SAN FRANCISCO: Cutting Ball Theater has announced the departure of managing director Suzanne Appel, who will be the new director of external affairs at Hubbard Street Dance in Chicago. Appel will step down from her post at Cutting Ball this month and the theatre will begin a search for an interim managing director, followed by an extensive nationwide search for a permanent managing director.
“Suzanne has made a tremendous impact here at Cutting Ball,” said founding artistic director Rob Melrose in a statement. “Suzanne was our first managing director and an instrumental part of the company’s growth. Everyone in the Cutting Ball family is extremely proud of her work with us and of her next exciting move to Hubbard Street Dance in Chicago. We wish her all the best. She will be greatly missed.”
During her four-year tenure, Appel secured Cutting Ball’s first corporate funding and created a membership program that rewarded audience loyalty. She also helped the company’s operating budget nearly double and developed the company’s board of directors. Prior to Cutting Ball, Appel served as the associate managing director of Yale Repertory Theatre, the director of individual giving at Dance Theater Workshop, and the assistant director of the Wesleyan Annual Fund at Wesleyan University. She received an MFA in theatre management from Yale’s school of management and drama.
“These four years at Cutting Ball have been incredibly rewarding, and I have enjoyed every minute of working with artistic director Rob Melrose and associate artistic director Paige Rogers,” said Appel in a statement. “They have a unique vision for the theatre form, and their commitment to artists experimenting with text, movement, and music in new and classic plays makes Cutting Ball a vital piece of the artistic community in San Francisco. I am proud of the growth we have accomplished together, and the development of our board under the leadership of board chair Mary Anne Cook.
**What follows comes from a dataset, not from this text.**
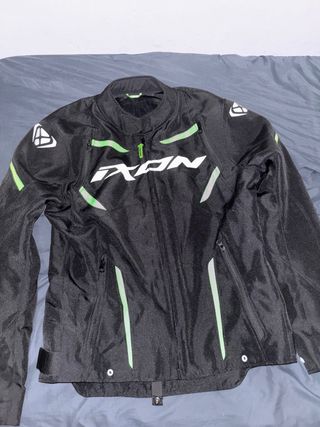 Chaqueta de moto IXON negra con detalles verdes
I will miss the relationships I have developed with our local community in the Tenderloin. The arts have the capacity to build bridges between differences, and at no time has Cutting Ball’s mission to engage the imagination of our audiences been more important to the civic life of the Tenderloin and all of San Francisco. I look forward to bringing the lessons I have learned from this vibrant company and community with me to Hubbard Street Dance and to Chicago.”